And what remains? Their heart and soul, quietly beating while the rest of us bustle around and try to care for them, wondering what on earth we'll do with them until they finally give up and die. And the truly frightening thing? Many of us—perhaps most of us—will be there too, one day. I might be one of those women in a sanitized hallway, crouched in my wheelchair, gray hair thin and wispy, draped in smelly old clothes, eyes glazed, drooping lips and toothless gums smacking together in horrible incoherence.
I've learned to love old people, even the decrepit ones. My dear friend Mr. Byron and his wonderful wife, Esther, taught me that even those who are strange-looking, unintelligible, and seemingly worthless have so much to offer. They are brimming with life, the life that goes beyond externals, the same life that burns in the heart of a helpless baby who can't even crawl. They don't want our pity, they need our love.
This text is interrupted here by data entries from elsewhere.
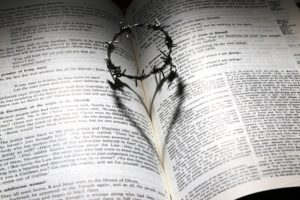 Crown of thorns on an open Bible, casting a shadow in the shape of a heart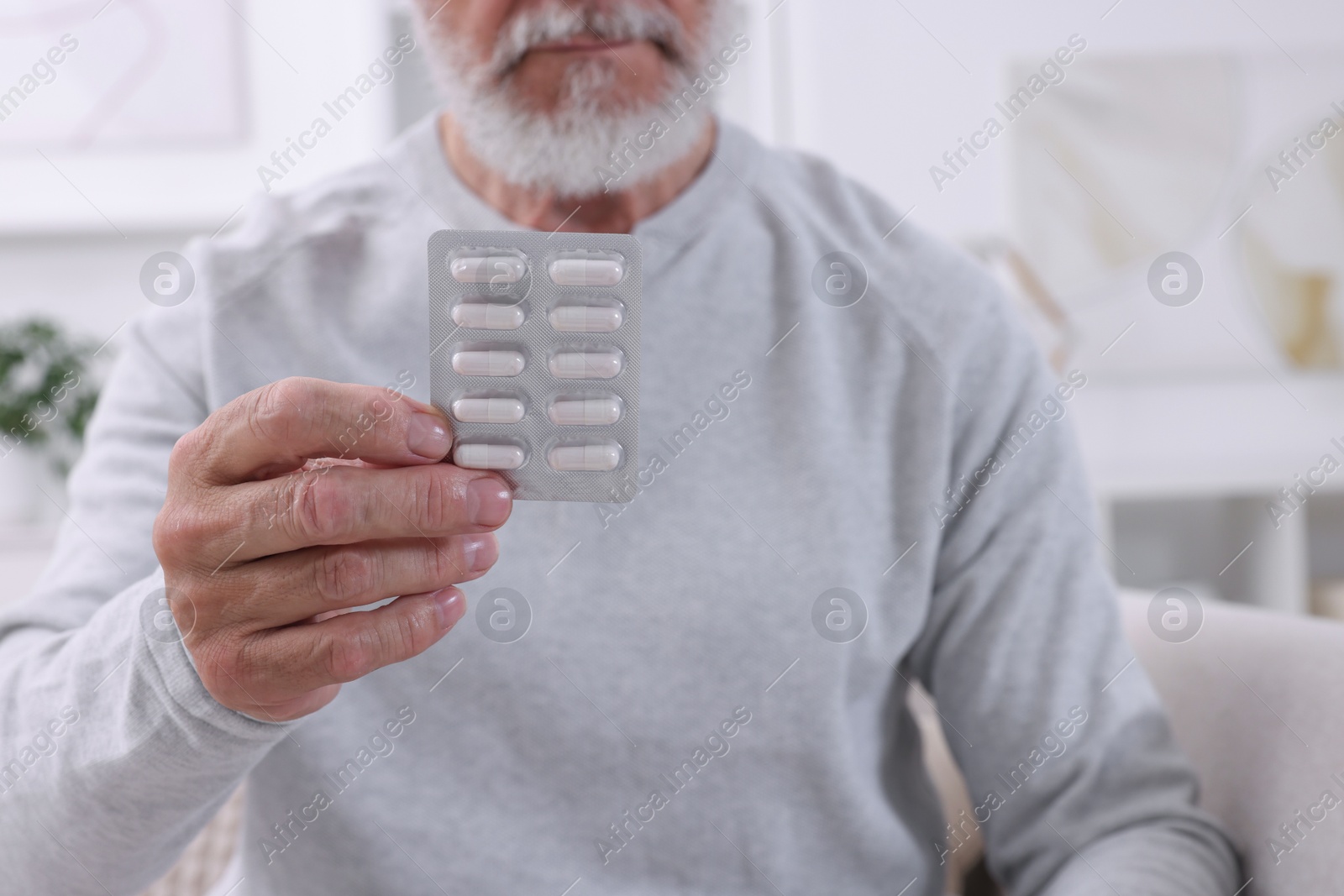 Photo of Senior man holding blister with pills at home, closeup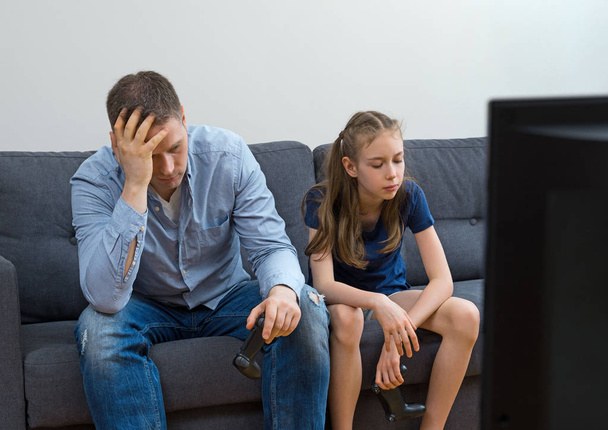 Upset father and daughter sitting on the sofa with gamepads. - Photo, Image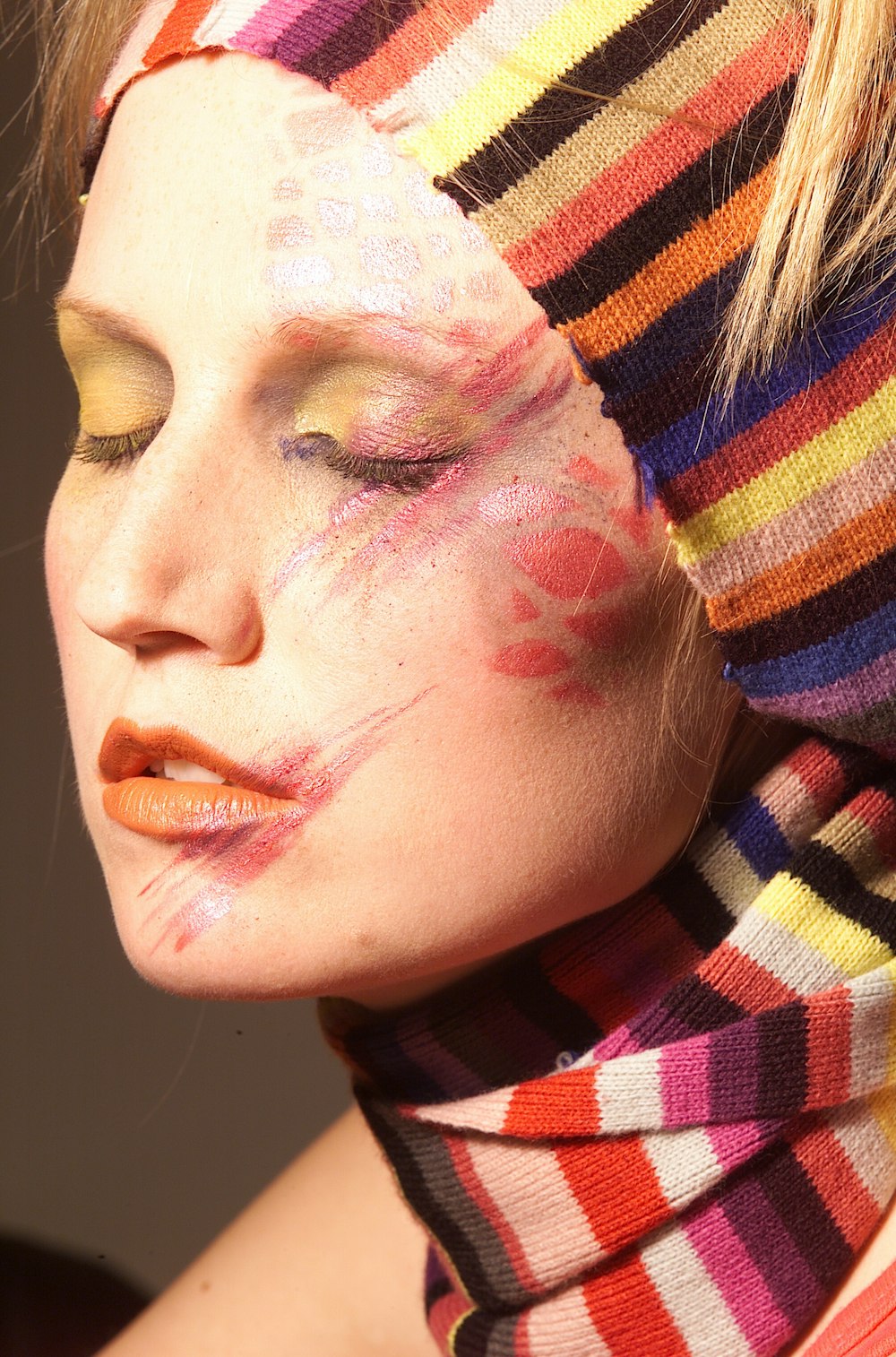 woman with red white and black face paint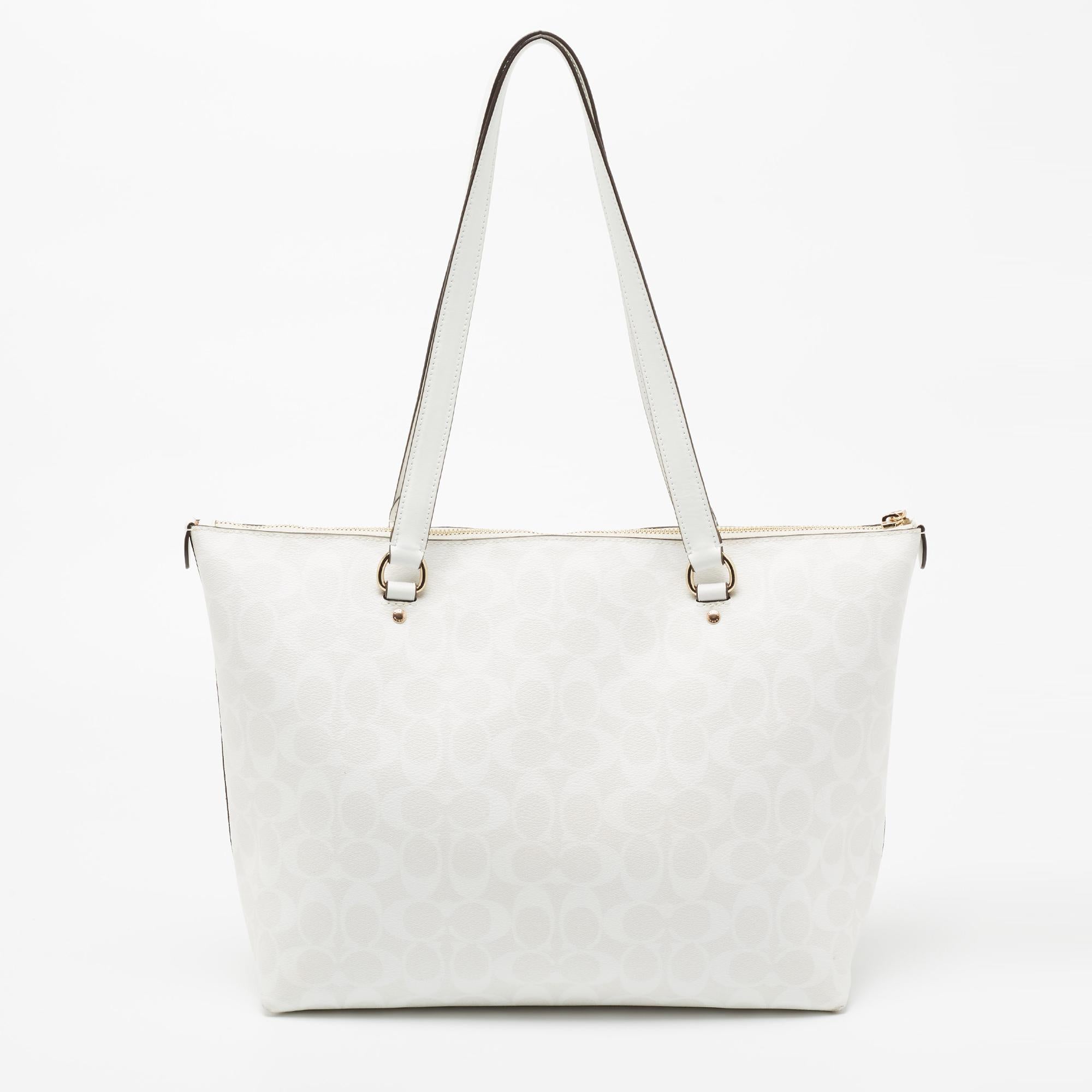 This designer tote from the House of Coach is super classy and functional, perfect for everyday use. It is made from signature coated canvas and leather with a gold-toned logo accent and zip pocket adorning the front. It has two shoulder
How I wish that more people would be willing to see that life, to recognize it as a piece of the breath of God, and embrace it. Too often we shrink away from the different, the "other," the confusing or frightening. It's about time that we face the facts and decide to treat the young, middle-aged, and elderly as what they truly are: the beloved children of God Almighty. Why do we keep old, sick people in sanitized halls? Why do we pay outrageous sums for round-the-clock caretakers? Why do we reject sacrifice in the name of convenience? Why do we relegate them to a part of the world where they can do no harm, and just let their souls crumble away to dust along with the rest of them? It's about time I get over my inhibitions and look at old people through the Lord's eyes. It's about time that I start praying in earnest for their hope, their joy, and their salvation.